我が家のりきおはトイレ以外では排泄しませんが、毛玉を吐くことがよくあります。吐いた毛玉はフンとほぼ変わらない形をしており、j7はこちらもしっかり回避してくれたので、今後も安心して使えそうです。

スリッパも回避

j7シリーズでは、掃除中に万が一排泄物が付着してしまった場合、メーカー保証期間内1回に限り、無償で修理・交換等のサポートが受けられる「ペットオーナー安心保証」があります。

これは犬または猫の固形のフンのみが対象で、毛玉や吐しゃ物、液体は対象外とのこと。我が家的には吐しゃ物が付着する可能性が一番高いので、今後できれば吐しゃ物も対象にしてほしいところです。

障害物を写真で確認。フィードバックでさらに賢く

さらにアプリでは、j7が障害物として認識したものが掃除後に画像で表示されます。これらの障害物に、j7が今度どのように対応するべきかを選択することも可能。

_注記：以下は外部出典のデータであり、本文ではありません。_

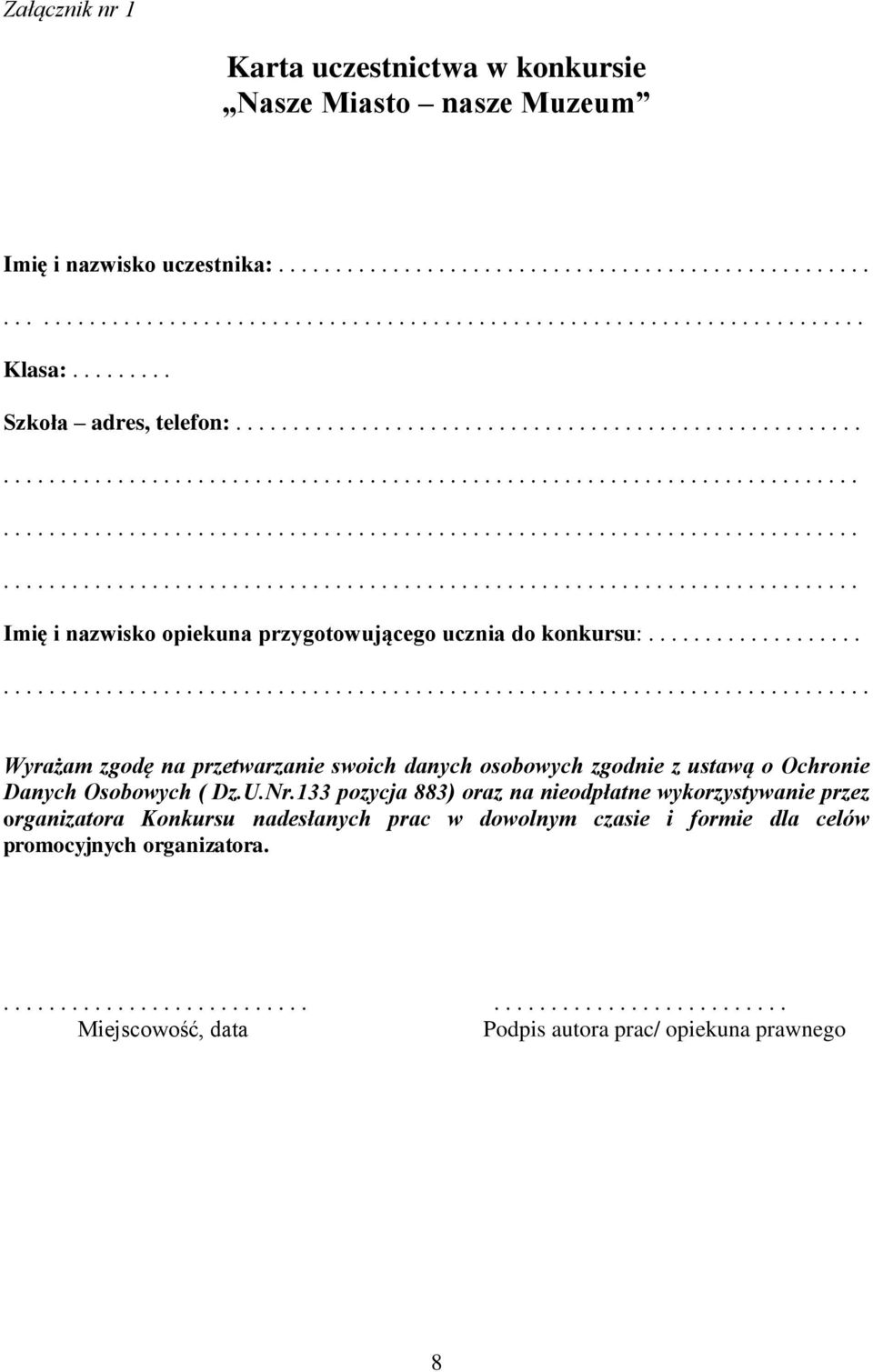 .............................................................................................. Wyrażam zgodę na przetwarzanie swoich danych osobowych zgodnie z ustawą o Ochronie Danych Osobowych ( Dz.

使い始めの頃、壁際にあるドアストッパーが障害物として認識され、壁際が掃除されないということがありました。ですがアプリで「ここに障害物はありません」を選択すると、それ以降はドアストッパー周りもきちんと掃除されるようになりました。

壁際のドアストッパーが障害物として認識され、近付きませんでした
アプリでもドアストッパーが障害物として認識されたことがわかります。掃除してほしい場所なので「ここに障害物はありません」を選択
以降はきちんと掃除されるようになりました

最初は「気にせず掃除してくれればいいのに」と思いましたが、万が一排泄物だったときのことがしっかり考えられているようです。アプリから一度修正するだけで反映されたので、ユーザーが協力することでその家に最適化されたルンバが出来上がるのだなと思いました。

なお障害物のフィードバックは、アイロボットが管理するクラウド上に任意で送ることも可能。世界中のユーザーからフィードバックを収集することでデータが構築され、回避できる障害物が増えていくそうです。

障害物として検知されたものは、掃除終了後に「レビューを開始」から確認可能。先程のかりんとうもしっかり検知。「データベースに送信」にチェックを入れると、アイロボットが管理するクラウドに送信できる

部屋ごとの掃除や、進入禁止エリアの作成も

障害物のフィードバックのほかにもj7の良さはたくさんあるのですが、それらの効果を存分に発揮するには、スマホアプリと接続する必要があります。アプリを使うことでj7が部屋の間取りを学習し、リビングだけ、寝室だけ掃除といった使い方が可能になるのです。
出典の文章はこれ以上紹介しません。